No sign of life or intelligence in his response, “Not this time.” Mentally, I let out an exasperated scream that would undoubtedly have made me his date for the night, had I only given it voice.
“So I get a warning on the second offense?! Maybe cut someone off, or drive up over a curb in the process?! This is all about a quota, isn't it, you ass?!”
My internal monologue lashed out at the upright uniform outside my window. With all the self control I could muster, I calmly took the ticket, kept my big mouth shut, and drove the last few blocks home
Oh sure, I’ve heard the theory that if you crack down on petty crime, it tends to lower more serious crime. Heck, it set me straight. After all, I had been contemplating abandoning my comfortable middle class lifestyle for the glamour of crack dealing and carjacking, but that ticket set me right back on the straight and narrow.
Seriously though, I call “bullshit.”
That same night, a neighbor called the police because some Cro-Magnon was beating on his girl. Guess who responded? Not “Bozo, Savior of the Stop Sign.” Or how about the assault and carjacking that took place a few weeks later within eyeshot of said stop sign? The fine work of the “Stop Sign Superstar” wasn't much help there, either. Or what about the car that was broken into on the street level of the parking deck adjacent to the same stop sign? Who knows, maybe his presence would be a deterrent if he appeared more than once a month to stare at a stop sign for a few hours and collect his quota of bullshit tickets
I am not an ATM on wheels. It increasingly seems like law enforcement's job isn't “to serve and protect,” but “to annoy and collect.” When real crime is going down, he's nowhere to be found. But when I'm driving home, he's there with a surprise road-usage fee. And there’s no mystery as to why this self-appointed “tax collector” (and various unstopped criminals) pick this particular neighborhood – I’m sure he feels like less of a scumbag screwing the folks he assumes have some money.
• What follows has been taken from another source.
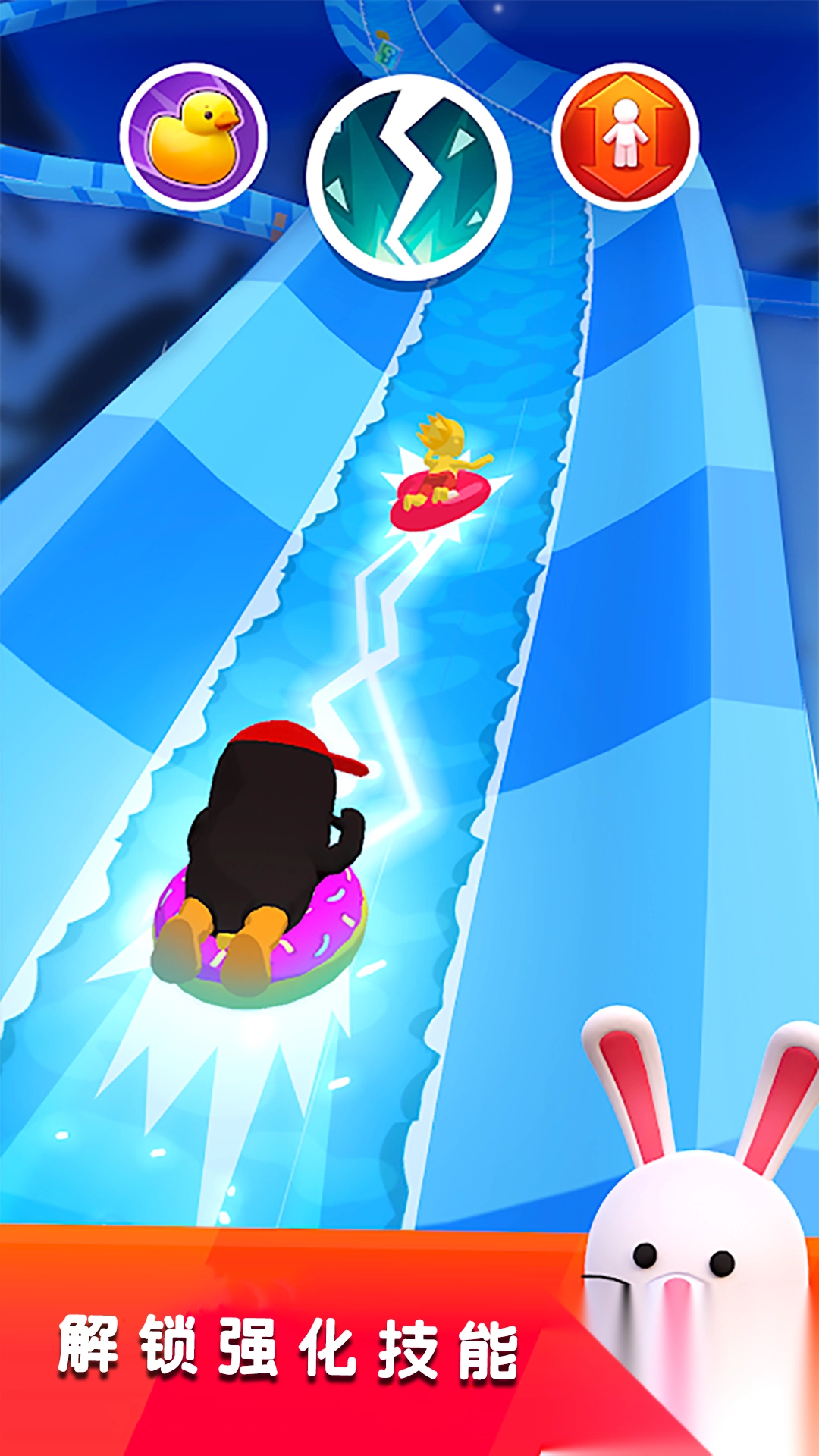 滑水冲冲冲截图1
Many thieves rationalize their trade that way. If you hang out by stop signs waiting to issue tickets for incomplete stops, you aren’t a police officer – you’re an overpaid meter maid with a gun.
In Atlanta, a ticket is a gift that keeps on giving. First there are the “points” it puts on your license: get enough of them, and you win a seat on the bus. But more immediately, it’s a pass to a virtual DMV, via your home computer and telephone. You get a court date, with no indication of how much your actual fine is, or when you'll be able to find out (a chicken shit move, to be sure). Invariably this means spending weeks checking in with the DMV to see what you owe for the pleasure of encountering an “officer of fee collection,” without so much as the dignity of a “Now Serving” sign.
All the while, your court date draws nearer. You start getting nervous.
Why is there no sign of my ticket in their systems? Did it get lost? Will I have to show up for a court date because I can’t pay for it? Will it really be $300 like I keep hearing?
Does this sound depressingly similar to your profession, Mr. Glorified Meter Maid? Good, you’re just the person I want to talk to. I implore you to use some of the gray matter between your ears. Every day, drivers do something for which they could technically be fined. But before you switch on the lights and saunter over to the driver side door, how about reflecting for a split second: Did the driver put anyone at risk, or are you just making your quota? Did he run a stop in a busy intersection? Change lanes dangerously, or make an illegal turn? If so, then by all means, flip on the lights.
But if you’re just making another mark in your column, how about using your power of discretion to give me a warning? You can write me a ticket the second goddamn time, thank you very much. And FYI, when that police charity calls up again this year looking for a donation, I'm going to tell them I gave at the office.